In grappling with her Southern upbringing, she doesn’t hesitate to dig into the lows. Drugs, violence, and death animate her lyrics, though not without criticism. “I’ve been accused of being a white nationalist, racist, Republican, right-winger, redneck, the whole slew of it,” she says. But she knows her vision is on the right track. “You have a lot of backward-thinking, ignorant people in the South, that’s very true,” she admits. “But you also have some of the most diverse cultures that never get any spotlight. I’m not trying to glorify the racist, violent aspects of the South that it’s known for. I want to tell the tales of people who are suffering from that, because there are a lot of people here who don’t agree with that and don’t believe in that and you never really hear about them.” She aims to dive into the “dark side of patriotism,” and the power that the American dream holds over people despite the fact that it will likely “do nothing but get you killed, leave a hole in your family, and put money in [the government’s] pocket,” she says.

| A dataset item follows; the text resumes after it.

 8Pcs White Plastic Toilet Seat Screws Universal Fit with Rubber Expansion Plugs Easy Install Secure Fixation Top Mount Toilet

But the misunderstanding and misconstruing of her art are inevitable, only contributing to her drive to get further off the grid. She’s continuing to grow, cultivating a devoted fanbase — or, more accurately speaking, stanbase — on Twitter. She is on the aforementioned Prescription Songs, the major label founded by disgraced producer Dr. Luke, about which she has said: “I am completely oblivious to most things in the industry […] All I can say is I stay in my bubble and do my work.” Sacrifice was necessary to bring Preacher’s Daughter to life, though, judging by the music, it’s surprising that it wasn’t something more intense and ritualistic like human sacrifice. But it has all been paying off.

“Everything has its pros and cons,” she expounds. “I’m very neurotic about my vision. I really want it to be as close to what I see in my head as possible. Otherwise, you know, why bother trying? I’m gonna go for what my original vision was, and a lot of times that requires a lot of money. And the only way to make a lot of money as an artist is to become successful. So I just bit that bullet and was like, it’s going to be hard and it’s going to be stressful. But it’s all for the art.”